> Data excerpts:
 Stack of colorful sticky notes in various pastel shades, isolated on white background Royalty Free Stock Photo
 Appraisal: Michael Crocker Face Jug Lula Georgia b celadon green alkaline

==

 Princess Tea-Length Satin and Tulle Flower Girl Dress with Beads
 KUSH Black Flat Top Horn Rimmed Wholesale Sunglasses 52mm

> What needs to be done: Take from the material above the lines running from the one with "Stack of colorful" through the one with "Appraisal: Michael Crocker", and repeat them exactly, with nothing else.

> Solution to this problem:
 Stack of colorful sticky notes in various pastel shades, isolated on white background Royalty Free Stock Photo
 Appraisal: Michael Crocker Face Jug Lula Georgia b celadon green alkaline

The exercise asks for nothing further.